Frequency of used metrics for evaluating models in the selected papers, the tabular version of it was presented in Table 4

6.2.2 Benchmark dataset

Synthesis of the selected studies experiments across a group of contexts within LML reveals a dynamic exploration of the adaptability and efficiency of KT. Utilizing diverse benchmark datasets such as MNIST, CIFAR-100, ImageNet, CUB-200, CIFAR-10, and KITTI, the studies cover a wide array of domains, from image classification to human activity recognition; the results indicate that KT techniques are effective in the computer vision domain.

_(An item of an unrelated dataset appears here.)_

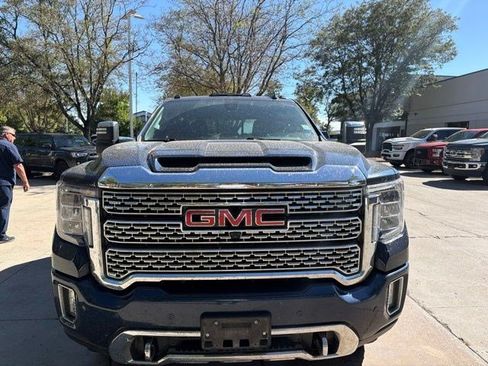 Used 2021 GMC Sierra 2500 Denali w/ Denali Ultimate Package AWD/4WD image 9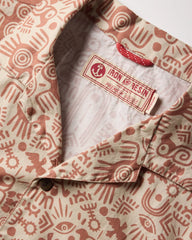 Aztec Short Sleeve Shirt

Figure 12 is a visual representation of datasets utilized in selected papers, with varying block sizes indicating the frequency of their usage across studies. Datasets such as “MNIST,” “ImageNet,” “CIFAR-100,” “CUB-200,” and “CIFAR10” are commonly used, reflecting their widespread adoption in the computer vision (CV) domain.

Figure 12 also shows that limited attention has been given to other areas, such as education with specialized datasets such as “London School” for educational data analysis, where LML is used for predicting exam scores of students in different schools, each defined as a task, “Land Mine Detection” for safety and engineering, specialized datasets for reinforcement learning and robotics such as “StarCraft” and “Robot Arm Kinetics.” Finally, datasets such as “Amazon Review Dataset” and “20Newsgroup” depict an application of KT in LML for text analysis. These observations suggest a growing recognition of LML’s potential across diverse fields, indicating an increased focus on areas outside CV.

Fig. 12
figure 12

The treemap, derived from the data presented in Table 3, depicts the most commonly used datasets in selected papers regarding knowledge transfer techniques. The size of each rectangle corresponds to the number of papers utilizing the respective dataset

6.2.3 Results provided by the selected papers

In their experimental analysis, Ruvolo and Eaton (2013) evaluated active task selection methods, including InfoMax, Diversity, and Diversity++ on datasets encompassing Land Mine, Facial Expression, Synthetic Data, and London School. The techniques were assessed for their efficiency in both general knowledge acquisition (overall learning from various tasks) and targeted knowledge acquisition (focused learning on specific tasks). Notably, selecting based on Diversity reduced the number of tasks required by up to 29.4% for general knowledge and 19.9% for targeted knowledge to outperform random selection, demonstrating its effectiveness in improving learning efficiency in LML systems by prioritizing more informative tasks. The research conducted by Tessler et al (2017) demonstrated that the H-DRLN architecture, which determines the usage of specific DSNs for mastering sub-tasks through skill reuse (actions tailored to the current state), achieved a remarkable success rate of 94 ± 4%, the highest among all neural networks assessed. This achievement was calculated from the mean success rates over the last ten epochs of the experiments, conducted within the Minecraft game across varied complexity levels (domains like navigation, item placement and picking up). The notable improvement in the H-DRLN’s success rate, facilitated by the reusing of skills (i.e, actions, a.k.a, knowledge) and further enhanced when integrated with the Double Deep Q-Network (DDQN), underscores its exceptional efficiency in handling the intricate challenges presented by Minecraft tasks.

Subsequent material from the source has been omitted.